### Activity
Would you retype the line that contains "Chocolate cake and" and all lines following it to the end of the entries below, exactly and without pictures?

### Input data
····················
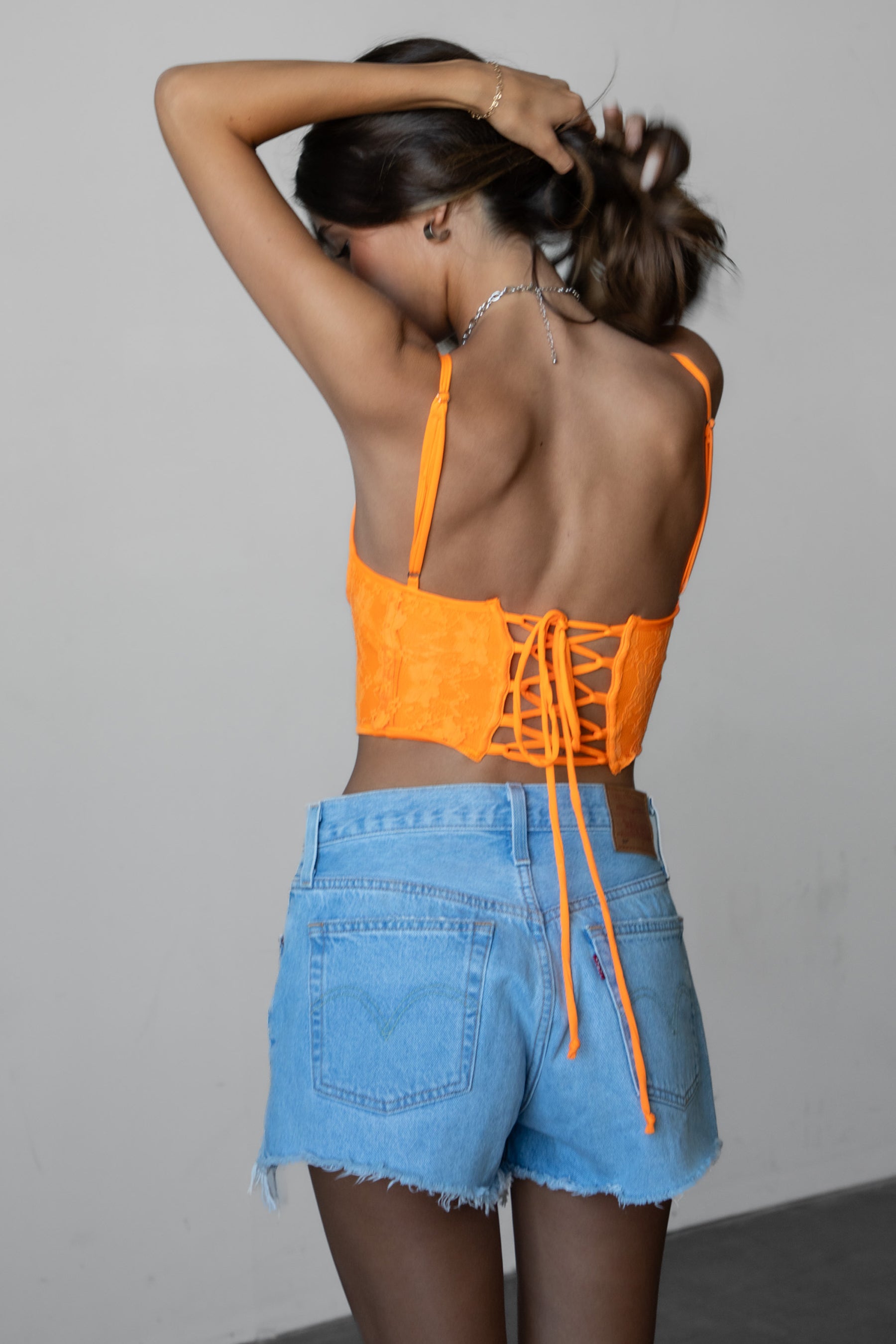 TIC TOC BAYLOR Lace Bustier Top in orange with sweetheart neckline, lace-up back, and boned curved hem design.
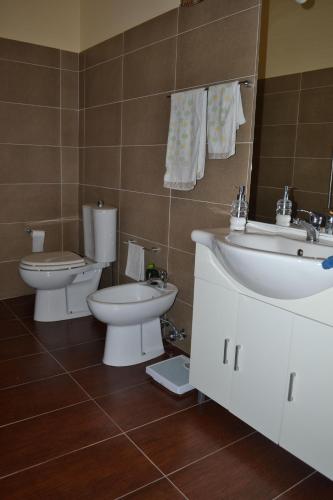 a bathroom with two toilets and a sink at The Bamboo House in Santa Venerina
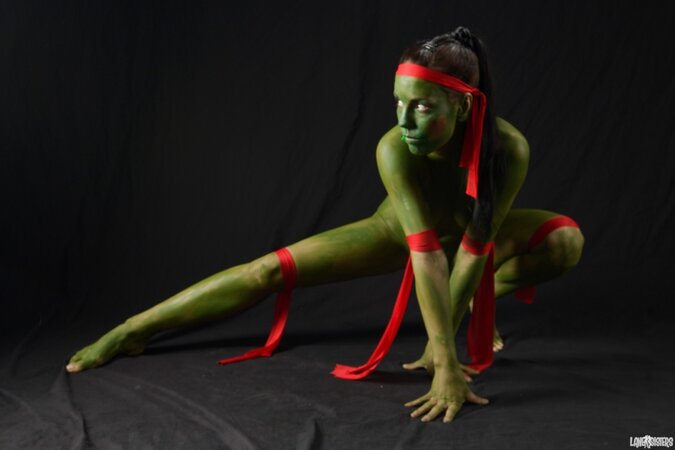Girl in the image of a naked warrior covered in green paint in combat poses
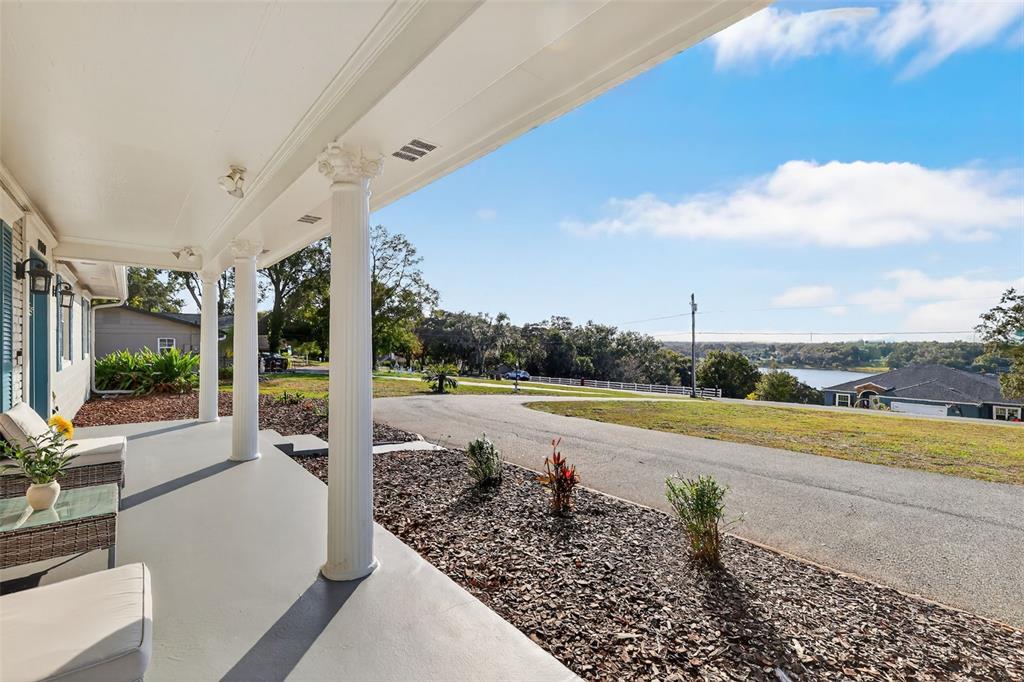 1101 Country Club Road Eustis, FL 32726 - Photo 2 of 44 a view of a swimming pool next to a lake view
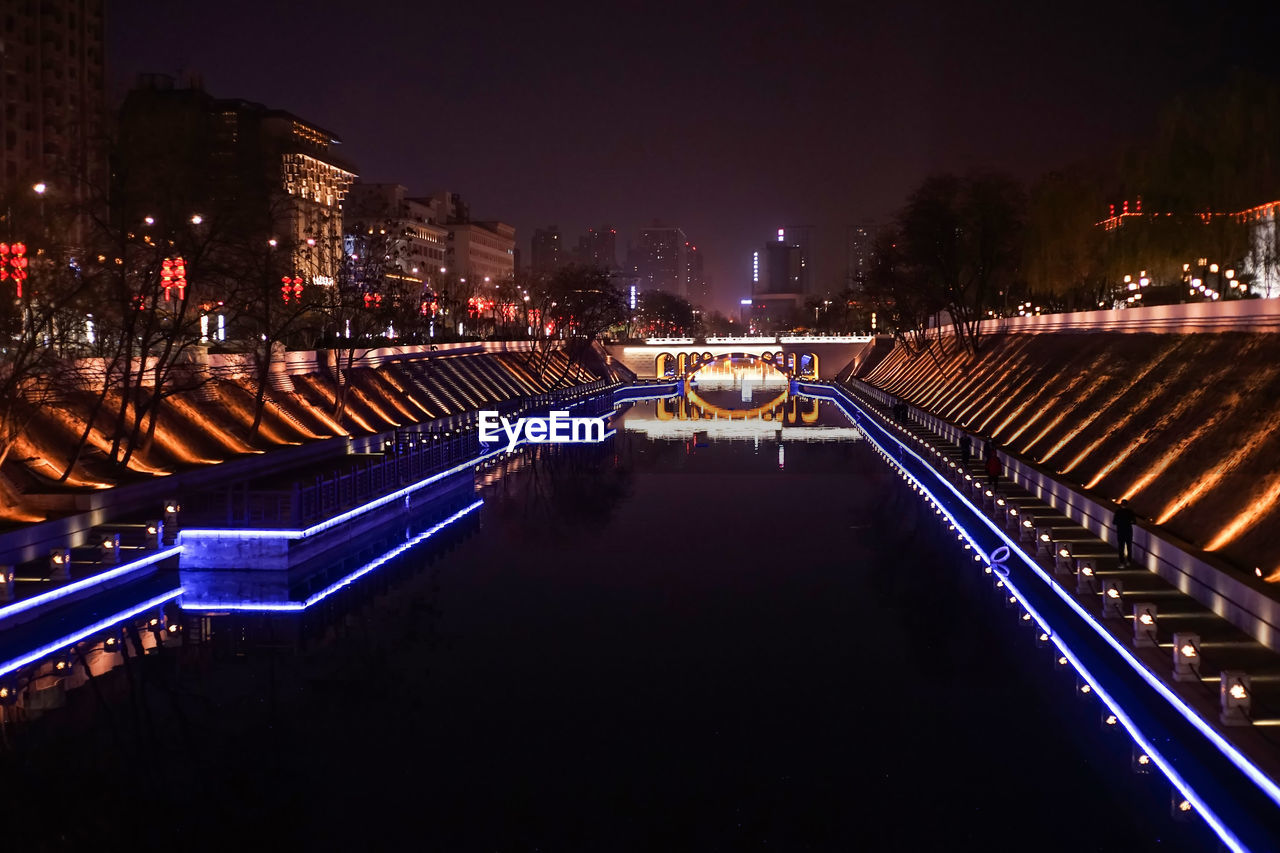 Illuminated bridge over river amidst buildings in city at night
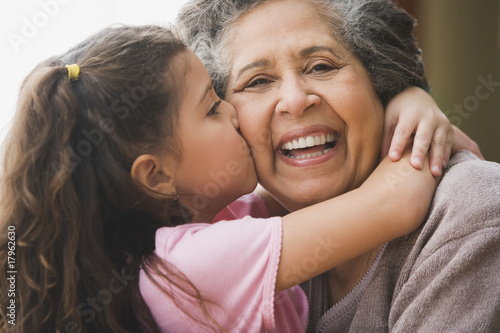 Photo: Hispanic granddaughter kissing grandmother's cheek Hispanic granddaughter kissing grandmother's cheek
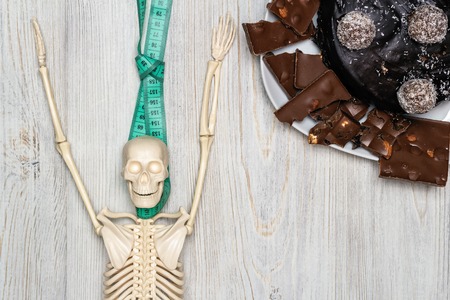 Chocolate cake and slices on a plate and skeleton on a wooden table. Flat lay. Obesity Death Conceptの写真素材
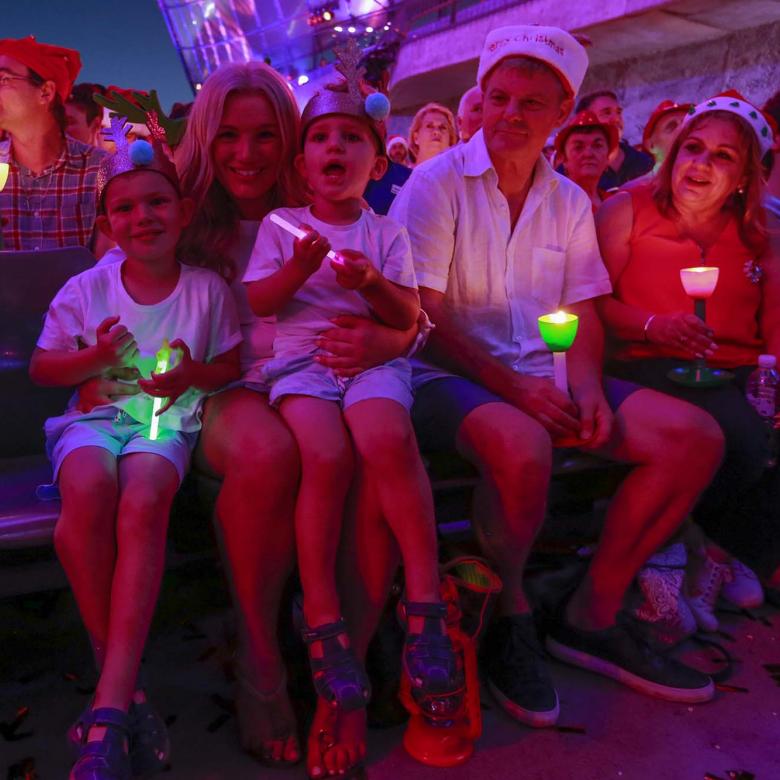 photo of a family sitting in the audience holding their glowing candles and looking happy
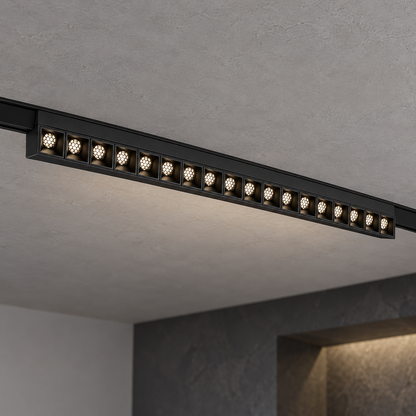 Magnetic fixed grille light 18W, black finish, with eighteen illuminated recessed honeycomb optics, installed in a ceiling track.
····················
### Result
 Chocolate cake and slices on a plate and skeleton on a wooden table. Flat lay. Obesity Death Conceptの写真素材
 photo of a family sitting in the audience holding their glowing candles and looking happy
 Magnetic fixed grille light 18W, black finish, with eighteen illuminated recessed honeycomb optics, installed in a ceiling track.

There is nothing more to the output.